Friday 21 February 2014

Baseball Players’ Compensation Statistical Analysis.


Baseball players’ compensation statistical analysis.
Introduction.
Statistical concepts can be applied to the game of baseball, and as such, one is able to measure the individual productivity of the players in relation to their compensation. This statistical appraisal is facilitated by the availability of ample data about the performance and productivity of an individual. Moreover, the marginal revenue product (MRP) of an individual baseball player is relatively independent, and hence the contribution of this player to the team can be easily evaluated. It thus follows that one can estimate the marginal revenue product of each baseball player, and then make a comparison between it and the salary that the player receives (Fields 3).
MRP and the Team Model.
An additional unit of labor employed has the effect of generating additional income for a business entity, since the services offered by the additional labor will be used to create a product that will be sold. Hence, this marginal income that has been generated by the additional input of labor is correlated to two variables: marginal product (change in the production in physical output) and the marginal revenue that is generated from each unit of the physical output. This correlation is as per the equation below.
Marginal income = K (constant) × marginal product × marginal revenue.
The marginal revenue product (MRP) refers to the additional income that is derived from employing an additional worker. Theoretically, a business entity is able to pay the employee a wage that roughly equals his MRP. The theoretical dynamics of competitive labor markets postulates that the remunerations of an employee must equal his MRP (Fields 7).

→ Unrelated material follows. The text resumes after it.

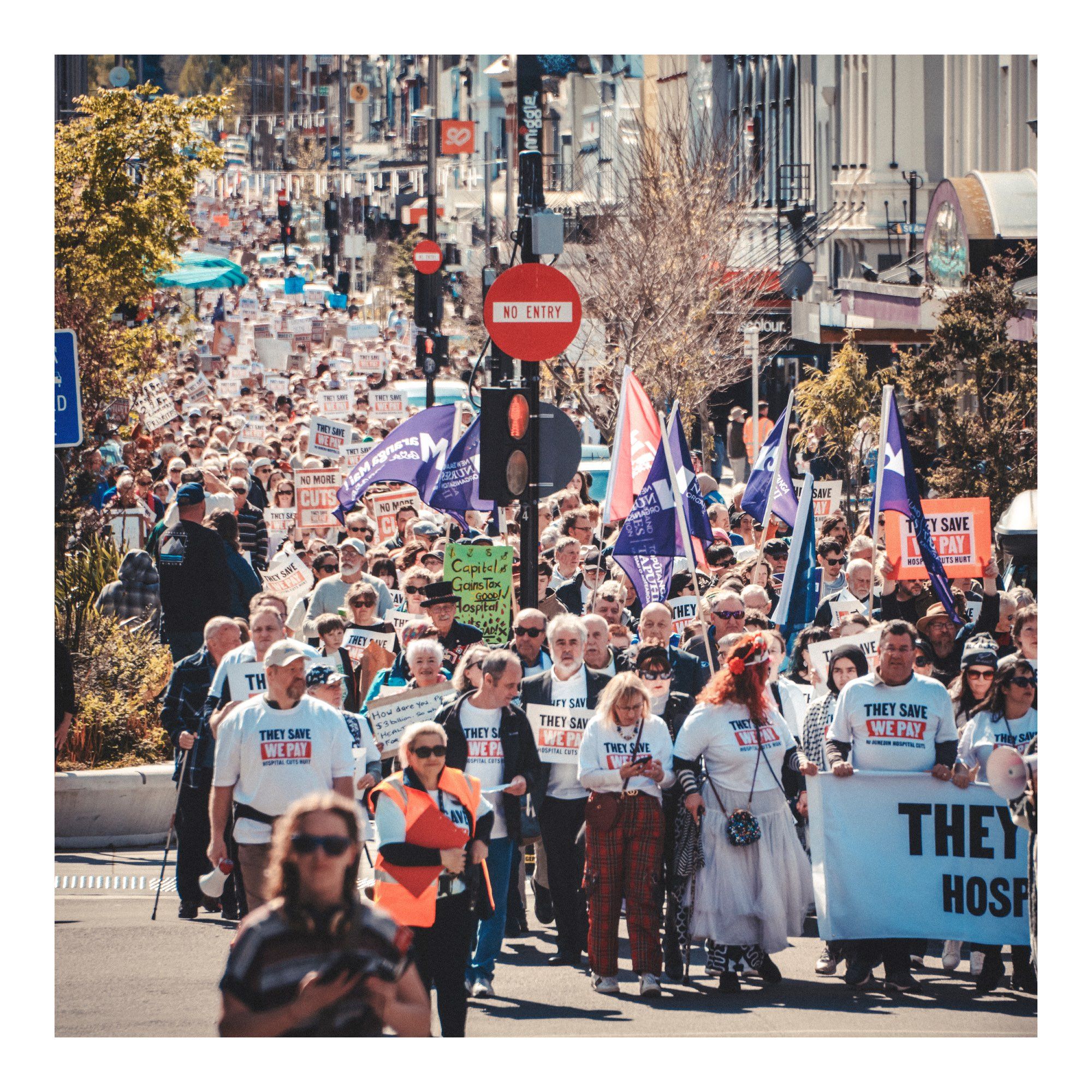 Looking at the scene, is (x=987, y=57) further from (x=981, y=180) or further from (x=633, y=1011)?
(x=633, y=1011)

In a baseball team, the MRP of a player is dependent on his playing skills and performance which determine the resultant input of the player to the team in terms of improvements of team performance and its effect on the team revenue. The effect of the MRP of a player to the team is either direct or indirect as is explained hereafter. Superb baseball skills of a player contribute to an improvement in team performance, and this increases the number of victories for the team. This translates to an increase in broadcast revenues and gate receipts. Thus, it is apparent that the market worth of an individual player is defined by the amount of revenue that the team accrues from such a player (Fields 8).
The MRP of a player is also related to his contribution to the performance variables of the team. These performance variables determine the winning percentages. Winning percentages affect the team revenue. It is thus apparent that the team revenue is related (albeit indirectly) to performance variables. Hence, the assumption that the production function of a team is linear can be expressed mathematically as (Fields 8):
WINPCT = α0 + β1RC + β2ERA + β3NATLG + β4CONT + β5OUT + e.................................... (1)
Where :-
-WINPCT is the percentage of games that the team wins.

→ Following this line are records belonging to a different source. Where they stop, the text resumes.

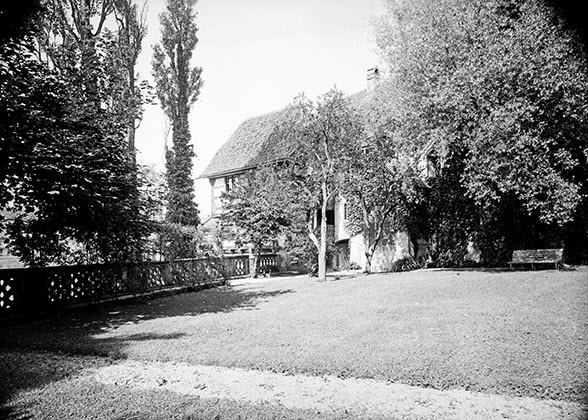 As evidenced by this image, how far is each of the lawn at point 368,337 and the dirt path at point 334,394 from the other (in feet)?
0.92

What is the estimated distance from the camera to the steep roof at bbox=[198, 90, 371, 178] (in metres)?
31.4

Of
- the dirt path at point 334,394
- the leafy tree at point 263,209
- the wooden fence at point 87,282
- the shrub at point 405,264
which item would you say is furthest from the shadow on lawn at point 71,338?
the shrub at point 405,264

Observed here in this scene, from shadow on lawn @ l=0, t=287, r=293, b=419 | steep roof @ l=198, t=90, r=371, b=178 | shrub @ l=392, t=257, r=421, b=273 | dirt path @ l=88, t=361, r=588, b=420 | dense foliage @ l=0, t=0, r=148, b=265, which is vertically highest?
steep roof @ l=198, t=90, r=371, b=178

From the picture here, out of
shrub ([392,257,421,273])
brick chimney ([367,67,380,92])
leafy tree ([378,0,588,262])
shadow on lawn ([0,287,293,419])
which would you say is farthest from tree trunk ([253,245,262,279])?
brick chimney ([367,67,380,92])

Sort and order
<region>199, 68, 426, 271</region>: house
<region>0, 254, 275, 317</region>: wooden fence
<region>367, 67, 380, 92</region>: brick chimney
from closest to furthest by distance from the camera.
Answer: <region>0, 254, 275, 317</region>: wooden fence → <region>199, 68, 426, 271</region>: house → <region>367, 67, 380, 92</region>: brick chimney

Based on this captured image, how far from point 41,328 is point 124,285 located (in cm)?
483

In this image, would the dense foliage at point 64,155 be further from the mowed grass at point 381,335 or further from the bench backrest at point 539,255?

-RC is the total runs that the team has created for a particular season
-ERA is the average run that the teams earns per 9-inning game
-NATLG is considered to be 1 if team is in the National League; otherwise it is considered to be 0.
-CONT is considered to be 1 if the team finished within 5 games out of first place in the  division; otherwise it is considered to be 0.

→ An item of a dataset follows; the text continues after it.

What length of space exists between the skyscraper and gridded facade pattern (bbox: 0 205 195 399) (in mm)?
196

-OUT is considered to be 1 if the team finished 20 or more games out of first place in the division; otherwise it is considered to be 0.
The numbers of runs that have been created are a useful and reliable measure of the overall offensive production. ERA serves as the most apposite defensive measure (especially for team pitching), since it reflects the number of runs that have been prevented from scoring. However, ERA never accounts for any errors. The performance variables are as follows: hitting, walks, slugging averages, stolen bases, pitching and runs (Fields 8).
Usually, two runs are sufficient to enable a team win many of its games in the season; and this obviates the contribution made by hitting and pitching performance to the outcome of such a game. This necessitates the need for dummy variables that would account for these factors. The dummy variables that have been introduced in equation (1) are OUT and CONT. The CONT variable accounts for the team morale. Team morale is determined by the quality of team management, instantaneous decision making and composure of players; and as such, it significantly influences the probability of a team winning a majority of close matches. The OUT variable accounts for price of disappointment after loses, and the cost of buying minor league players. NATLG accounts for the quality of the play. Usually, the American League has more runs than the National League (Fields 8).
Meta-analysis has shown that the variation in the total team revenue is a linear function of team characteristics and WINPCT; and, it is thus expressed mathematically as follows (Fields 9):
TOTREV = α0 + σ1WINPCT σ2NATLG gTEAM gYEAR e…………………................ (2).
Where:
-TOTREV is the total operating revenues of the team.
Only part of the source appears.